Baja California lost over half of its cucumber acreage due to inclement weather, tightening Western cucumber supply and spiking prices by +9 percent over the previous week. Fortunately, Eastern cucumber supply is fairly strong. Prices will likely remain elevated for a couple more weeks.

Heat in the West stimulated late summer strawberry growth over the past few weeks. As a result, the market is flush with product, and growers are eager to empty their coolers before the heat-damaged crop expires.

At $8, strawberry prices are very near to 2016’s ten-year low for week #37. Prices should rise again over the next two weeks as cooler fall weather helps to tighten supply.

Strawberry_graph_sept19_2022

Strawberries are priced to move in volume. Keep promoting!

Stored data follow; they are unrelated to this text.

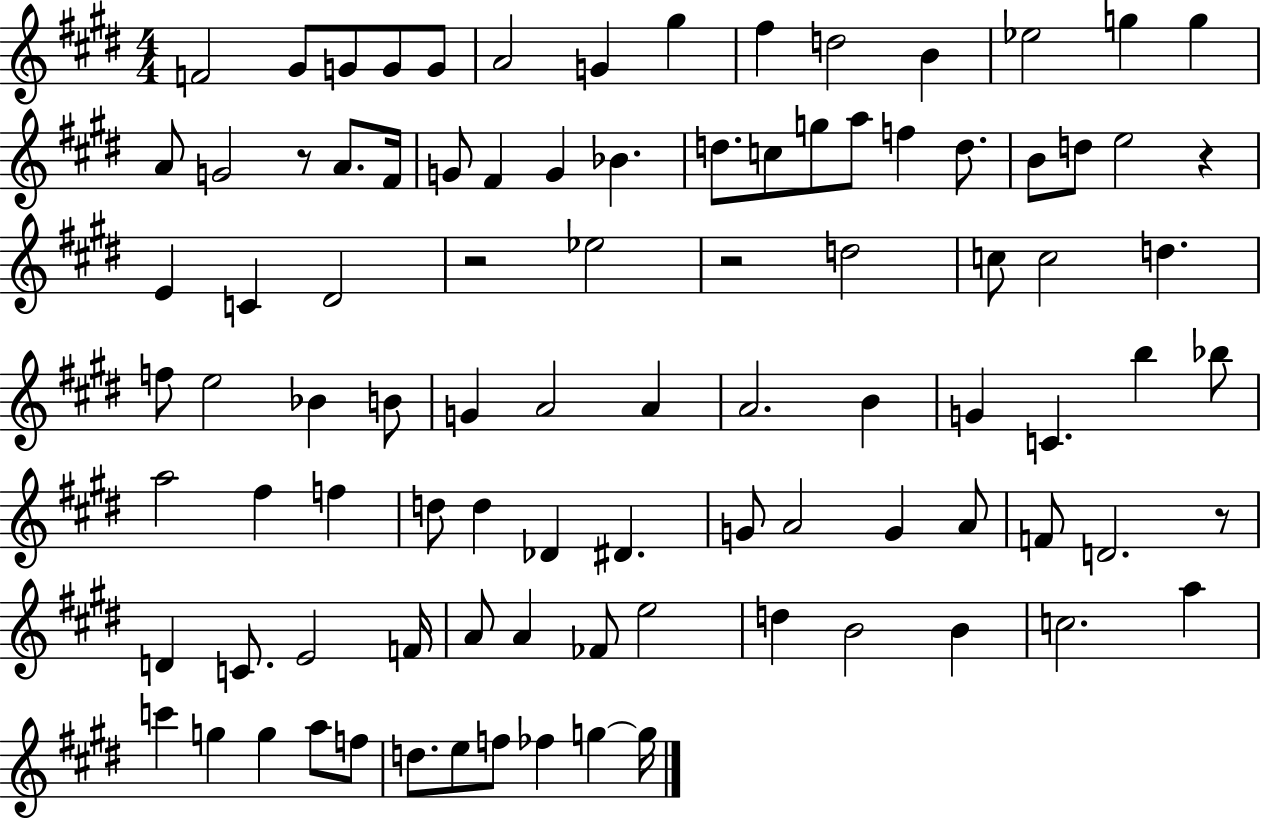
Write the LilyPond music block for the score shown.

{
  \clef treble
  \numericTimeSignature
  \time 4/4
  \key e \major
  \repeat volta 2 { f'2 gis'8 g'8 g'8 g'8 | a'2 g'4 gis''4 | fis''4 d''2 b'4 | ees''2 g''4 g''4 | \break a'8 g'2 r8 a'8. fis'16 | g'8 fis'4 g'4 bes'4. | d''8. c''8 g''8 a''8 f''4 d''8. | b'8 d''8 e''2 r4 | \break e'4 c'4 dis'2 | r2 ees''2 | r2 d''2 | c''8 c''2 d''4. | \break f''8 e''2 bes'4 b'8 | g'4 a'2 a'4 | a'2. b'4 | g'4 c'4. b''4 bes''8 | \break a''2 fis''4 f''4 | d''8 d''4 des'4 dis'4. | g'8 a'2 g'4 a'8 | f'8 d'2. r8 | \break d'4 c'8. e'2 f'16 | a'8 a'4 fes'8 e''2 | d''4 b'2 b'4 | c''2. a''4 | \break c'''4 g''4 g''4 a''8 f''8 | d''8. e''8 f''8 fes''4 g''4~~ g''16 | } \bar "|."
} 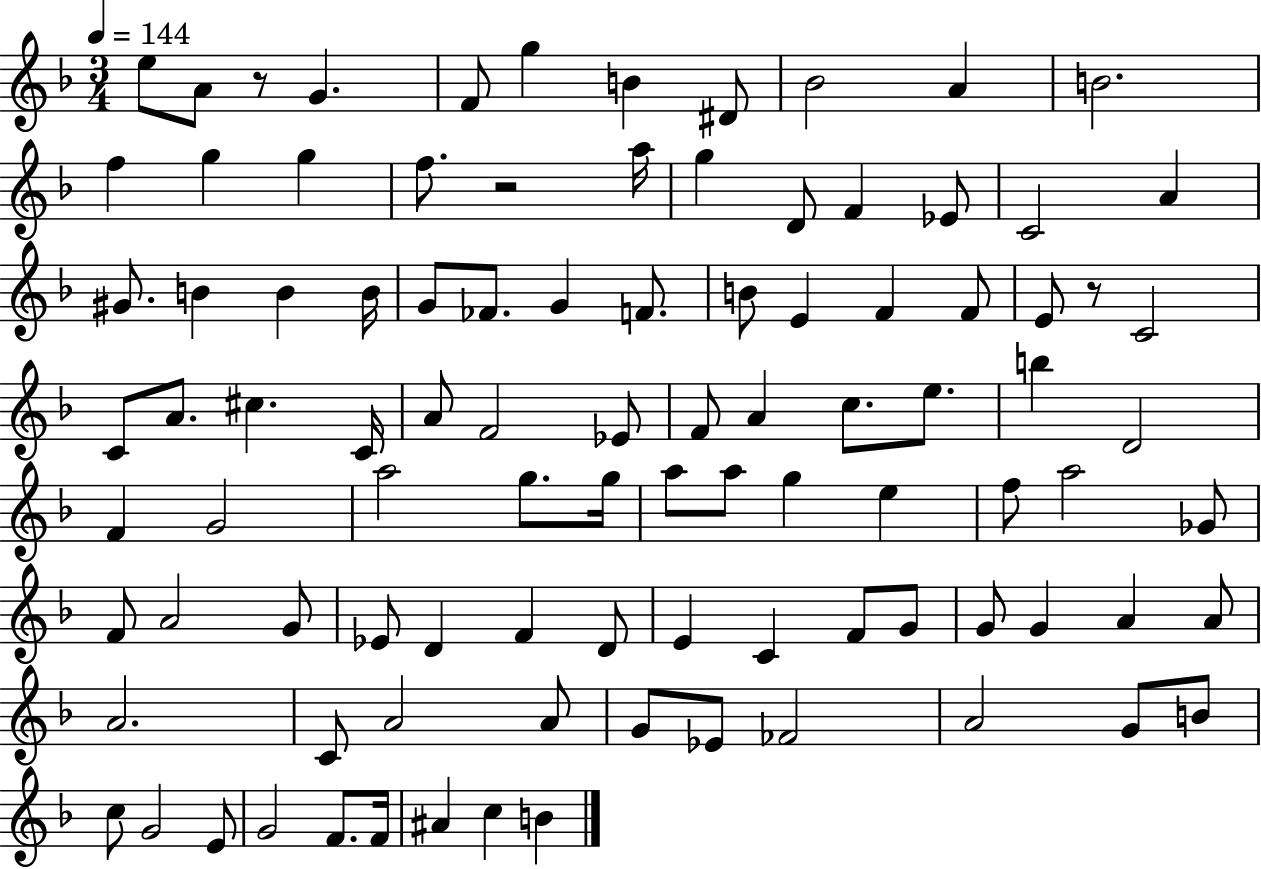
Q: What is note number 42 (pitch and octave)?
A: Eb4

High heat in California isn’t just affecting strawberry prices. Due to excessive heat and strong demand, cantaloupes are up +23 percent over the previous week. Prices will likely tighten, then come down over the next few weeks as the core growing regions shift to Arizona and Mexico.

Squash prices are trending lower thanks to increasing supply. Splintered local programs in the East are almost finished; however, growers in Georgia and North Carolina are ramping up production. In the West, supply is steady out of Santa-Maria and will begin its annual transition to Nogales as we move into October.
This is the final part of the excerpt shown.